» Aim of the exercise
Although the data below contains pictures, output only the lines between those holding "nihon buyou kanji" and "埃瓦尔对阵皇马的比赛时间及相关信息一览", inclusive, exactly and without those pictures.

» Data to examine
※
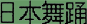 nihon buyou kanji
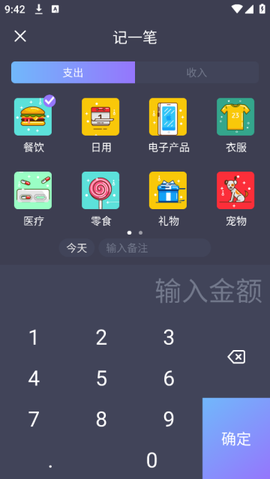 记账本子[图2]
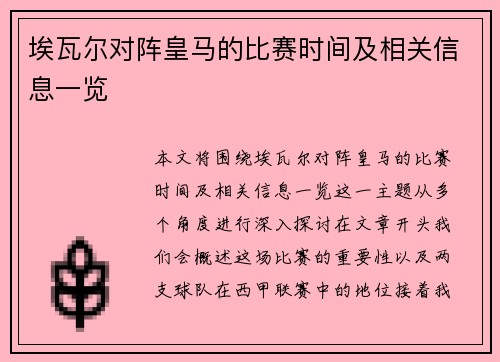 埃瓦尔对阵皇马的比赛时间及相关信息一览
※
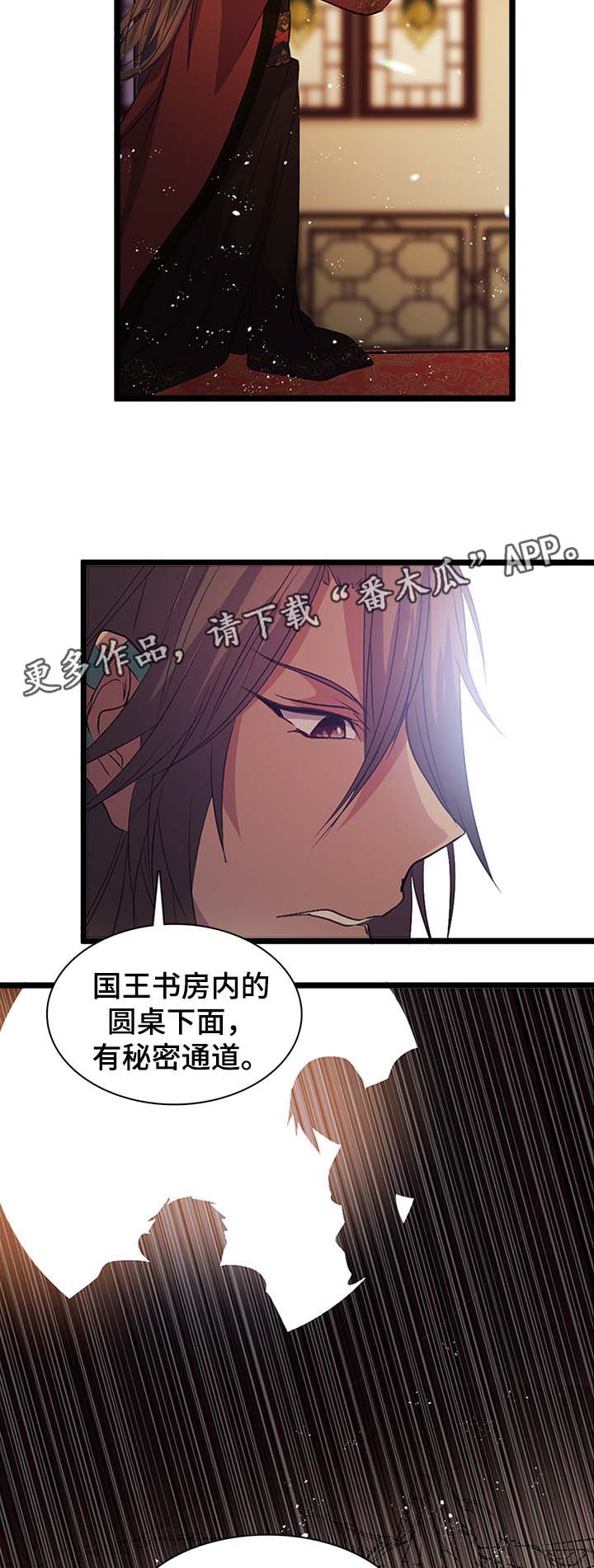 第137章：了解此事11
※
» Problem solution
 nihon buyou kanji
 记账本子[图2]
 埃瓦尔对阵皇马的比赛时间及相关信息一览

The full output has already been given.